Depuis les grecs nombreux sont ceux qui s'interrogèrent sur les différences, les liens, entre le champ du sonore qui ne se limite pas au musical et le champ de l'image qui excède le tableau. La place importante de Lessing me fait le retenir ici à titre d'exemple. Dans le Laocoon, alors qu'il questionne les différences entre peinture et poésie il évoque l'ode de Dryden écrite pour la fête de sainte Cécile qui présente des peintures musicales intraduisibles par le pinceau. Lessing règle le problème ainsi soulevé entre peinture, poésie et musique, Mais je ne veux pas me laisser aller à ces exemples qui ne nous enseignent guère qu'une chose : que les couleurs ne sont pas des sons et que les oreilles ne sont pas des yeux.

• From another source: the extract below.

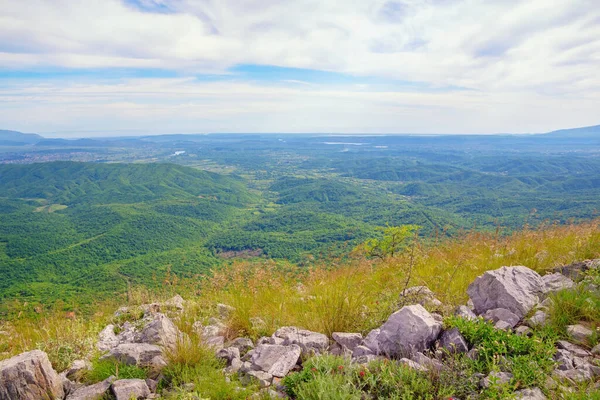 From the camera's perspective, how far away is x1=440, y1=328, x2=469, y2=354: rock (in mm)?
3727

Dont acte. Mais pourquoi ces continuelles références des uns aux autres ? Et, comme nous allons le voir avec Schoenberg les liens entre eux sont d'une autre complexité. Avec la théorie freudienne des pulsions, que devient ce qui semble ici pensé comme un irréductible ? Je propose d'aborder la production de l'œuvre en tenant compte du fait que le sujet est affublé d'un corps, corps vivant, corps pulsionnel, érogène. Corps d'un sujet, irréductible à la seule discursivité puisque porteur de signes, il est aussi habité d'un nœud de symptômes. Le désir, Lacan n'a cessé de le souligner, est le fait même de la contingence corporelle. A nouveau, j'indiquerai un écart entre l'approche de Nicolas et ce que j'essaie de poser ici. Dans La singularité Schoenberg, il soutient que "l'œuvre est sujet de la musique", le sujet véritable, c'est l'œuvre et non le musicien", ce dernier qualifié de "musicien-sujet" est le déchet puisque non intégrable dans le mode propre de la pensée musicale. Il y a au niveau des catégories utilisées ici deux problèmes. Le premier de l'ordre d'une anthropomorphisation de l'œuvre, de la musique, douée d'une pensée, d'un être, d'une vérité, et le deuxième concerne le statut de déchet de ce "musicien-sujet".

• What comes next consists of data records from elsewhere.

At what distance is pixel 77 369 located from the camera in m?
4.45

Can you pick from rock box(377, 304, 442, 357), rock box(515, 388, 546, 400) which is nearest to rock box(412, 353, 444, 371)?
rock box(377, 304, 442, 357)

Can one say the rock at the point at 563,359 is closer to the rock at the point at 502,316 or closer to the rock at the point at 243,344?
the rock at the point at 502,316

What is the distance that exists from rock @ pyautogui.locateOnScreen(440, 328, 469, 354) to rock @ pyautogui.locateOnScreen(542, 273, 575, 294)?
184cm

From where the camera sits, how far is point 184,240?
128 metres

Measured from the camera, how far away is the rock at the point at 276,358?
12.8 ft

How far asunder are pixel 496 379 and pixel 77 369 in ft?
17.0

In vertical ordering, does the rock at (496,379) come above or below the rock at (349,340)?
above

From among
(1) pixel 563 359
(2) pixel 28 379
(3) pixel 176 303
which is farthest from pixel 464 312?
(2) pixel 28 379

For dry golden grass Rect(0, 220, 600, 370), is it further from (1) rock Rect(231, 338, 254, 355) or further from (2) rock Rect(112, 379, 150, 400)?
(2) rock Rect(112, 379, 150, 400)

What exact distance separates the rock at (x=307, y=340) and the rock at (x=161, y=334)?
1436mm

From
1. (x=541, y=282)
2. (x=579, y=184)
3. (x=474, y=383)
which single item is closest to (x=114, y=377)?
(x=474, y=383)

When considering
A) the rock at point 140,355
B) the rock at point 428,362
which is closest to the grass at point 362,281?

Dans le registre de la peinture François Wahl, avec Le discours du tableau soutient une proposition du même ordre que celle de Nicolas. Démontrer qu'il y a un discours du tableau suppose une énonciation. Et, il y aura production d'un sujet dans le temps même de sa constitution comme manque dans l'économie discursive. La motivation au geste de peindre s'inscrit dans la soumission à la règle de l'immanence que François Nicolas souligne côté musique. Je cite Wahl, Il n'existe pas d'autre motivation au geste de peindre - à la production touche après touche, de son discours - que la curiosité  [Je souligne]envers la phrase qui va surgir : envers ce qu'elle va signifier du visible.[3]  Dans un article de la revue Horlieu, F. Wahl, lecteur du livre de Nicolas, exprime son regret qu'il ne donne pas sa définition du sujet. Il lui indique sa voie qui consiste à désigner dans la musique une instance du discours, une logique de l'idée, sans laquelle un sujet ne peut soutenir quelque consistance que ce soit. Schoenberg est appelé à la rescousse avec une citation du Style et l'idée, malheureusement tronquée de la dimension que je privilégie ici : Mais la base de ma musique est mon sens évident de la logique. Je ne peux m'empêcher de penser logiquement et si, lorsque j'écris, les symptômes [Je souligne]bien connus  de ma logique musicale apparaissent, même à des endroits où je ne les ai pas consciemment placés, nul, s'il a quelque idée de ce qu'est la logique musicale, ne doit s'en étonner.[4]  Schoenberg n'oublie pas la dimension du symptôme, possiblement à l'œuvre dans toute expression, pas plus qu'il n'oublie comme nous allons le voir, la dimension de méconnaissance, au sens analytique du terme, inhérente à la créativité.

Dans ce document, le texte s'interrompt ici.